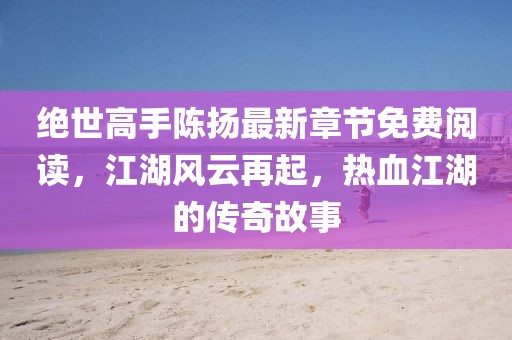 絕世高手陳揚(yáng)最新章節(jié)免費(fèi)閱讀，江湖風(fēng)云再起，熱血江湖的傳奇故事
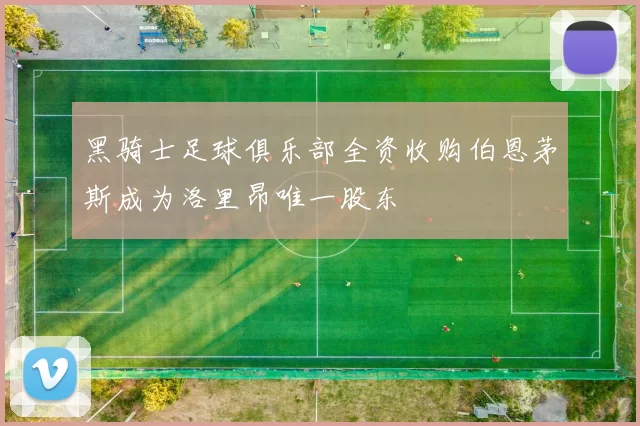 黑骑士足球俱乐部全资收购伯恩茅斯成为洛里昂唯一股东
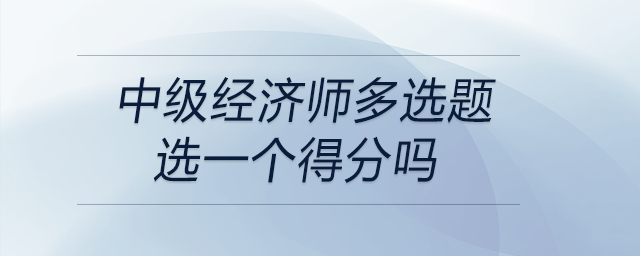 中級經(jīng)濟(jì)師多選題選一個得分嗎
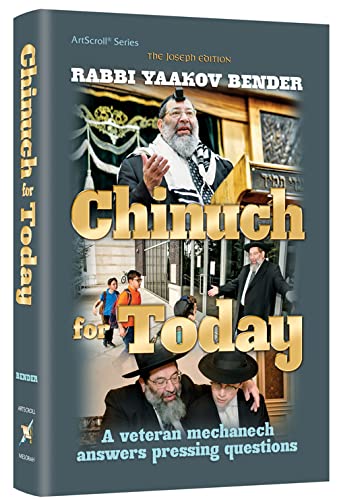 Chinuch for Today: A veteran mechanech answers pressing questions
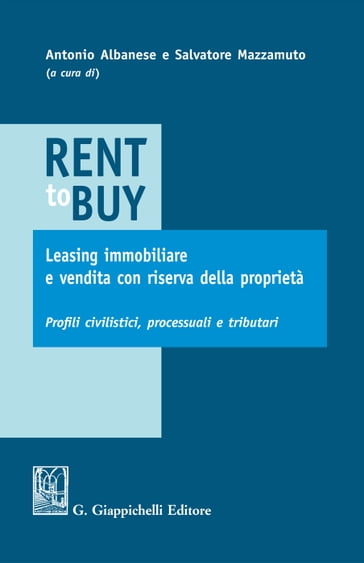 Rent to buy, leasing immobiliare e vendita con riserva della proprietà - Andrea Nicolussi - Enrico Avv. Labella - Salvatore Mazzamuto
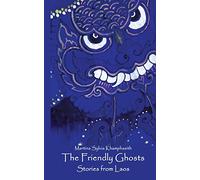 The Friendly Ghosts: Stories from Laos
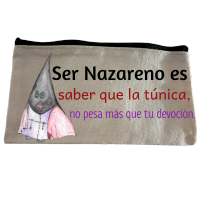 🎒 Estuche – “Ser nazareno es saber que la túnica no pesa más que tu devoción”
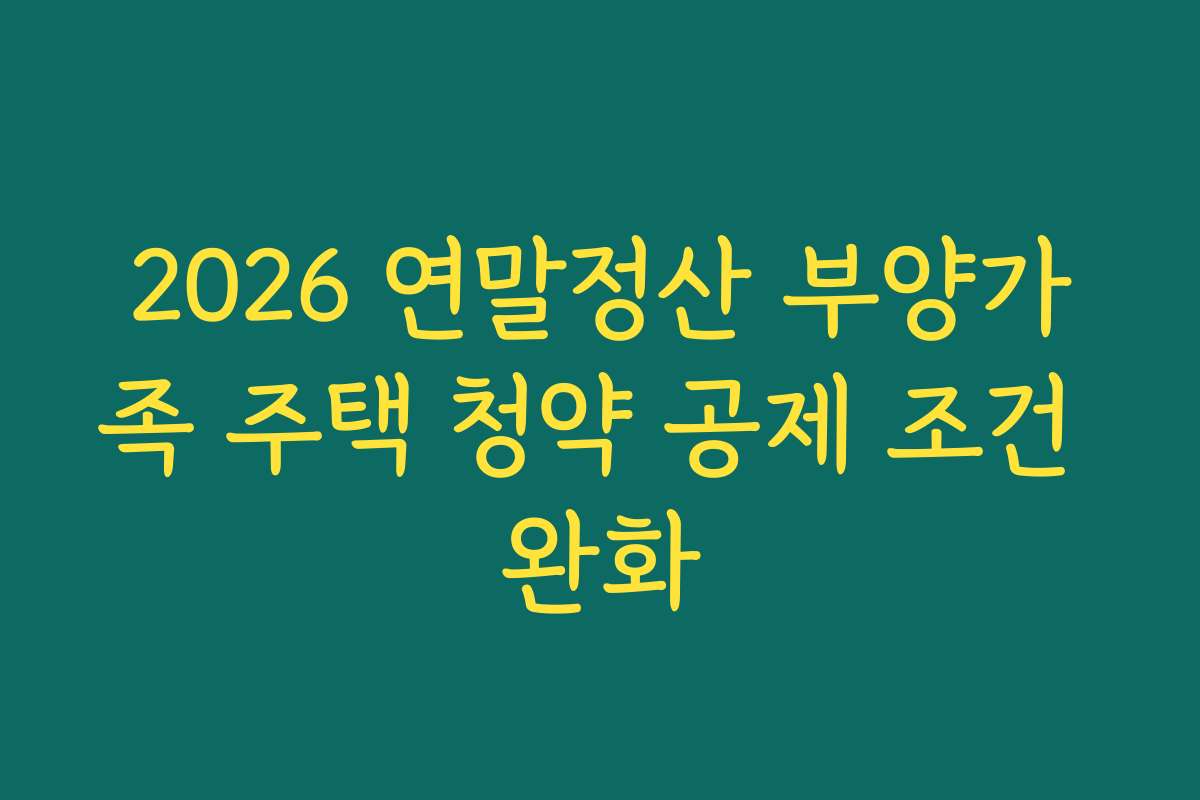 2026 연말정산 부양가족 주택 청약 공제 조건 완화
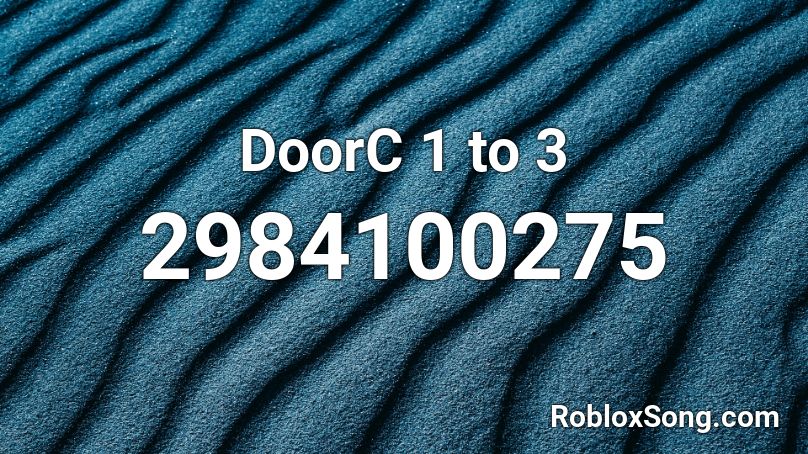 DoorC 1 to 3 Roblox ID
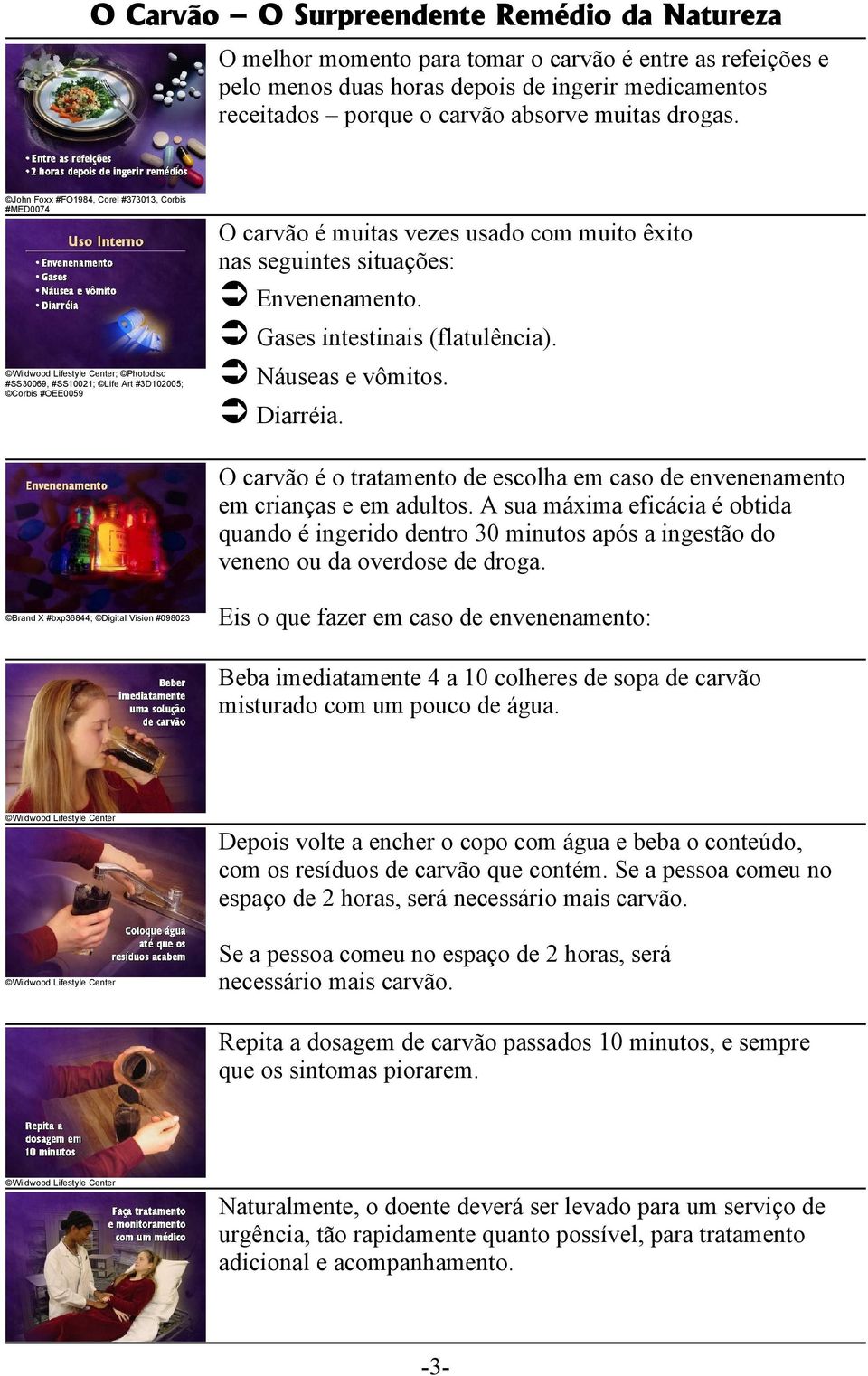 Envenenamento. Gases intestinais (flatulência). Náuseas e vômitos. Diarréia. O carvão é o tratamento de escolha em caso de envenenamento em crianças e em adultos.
━━━━━━
- **What the task requires**:
Leaving aside the images, write out the entries above word for word.

- **Solution to this task**:
 絕世高手陳揚(yáng)最新章節(jié)免費(fèi)閱讀，江湖風(fēng)云再起，熱血江湖的傳奇故事
 黑骑士足球俱乐部全资收购伯恩茅斯成为洛里昂唯一股东
 中級經(jīng)濟(jì)師多選題選一個得分嗎
 Chinuch for Today: A veteran mechanech answers pressing questions
 Rent to buy, leasing immobiliare e vendita con riserva della proprietà - Andrea Nicolussi - Enrico Avv. Labella - Salvatore Mazzamuto
 The Friendly Ghosts: Stories from Laos
 🎒 Estuche – “Ser nazareno es saber que la túnica no pesa más que tu devoción”
 2026 연말정산 부양가족 주택 청약 공제 조건 완화
 DoorC 1 to 3 Roblox ID
 Envenenamento. Gases intestinais (flatulência). Náuseas e vômitos. Diarréia. O carvão é o tratamento de escolha em caso de envenenamento em crianças e em adultos.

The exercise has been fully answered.